Abstract
Purpose:
To report a case of silicone oil migration into optic chiasm with resultant visual field defect in the fellow eye. We also summarize the risk factors and pathogenic mechanisms responsible for the silicone oil migration and the subsequent neurological effects associated with it.
Methods:
A 36-year-old gentleman presented with a history of vitrectomy with silicone oil tamponade in the left eye with sudden-onset temporal field defect in the right eye. Silicone oil was identified in left optic nerve and left half of optic chiasm. Intrachiasmatic and intraneural silicone oil was removed by left pterional craniotomy.
Result:
Prompt visual field recovery in the right eye after the neurosurgical intervention was noted.
Conclusion:
Intracranial migration of silicone oil is rare, with only a handful of cases reported in the literature.

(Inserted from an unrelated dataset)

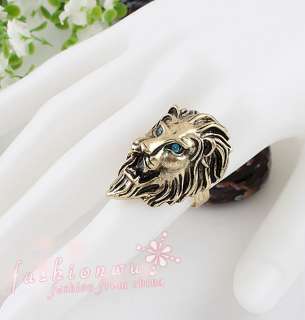 Stylish Premier Design Rhinestone Lovely lion Head Open Ring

Intrachiasmal and intraneural silicone oil is associated with loss of nerve fibers and resultant vision and visual field loss. Prompt neurosurgical intervention results in the improvement of visual field defects. So early identification and neurosurgical intervention is warranted. Vitreoretinal surgeons should be aware of transneural migration of silicone oil, and a high degree of suspicion is warranted when patient develops visual symptoms in the fellow eye, particularly in cases with glaucomatous optic neuropathy and secondary elevated intraocular pressure or in any disc malformation.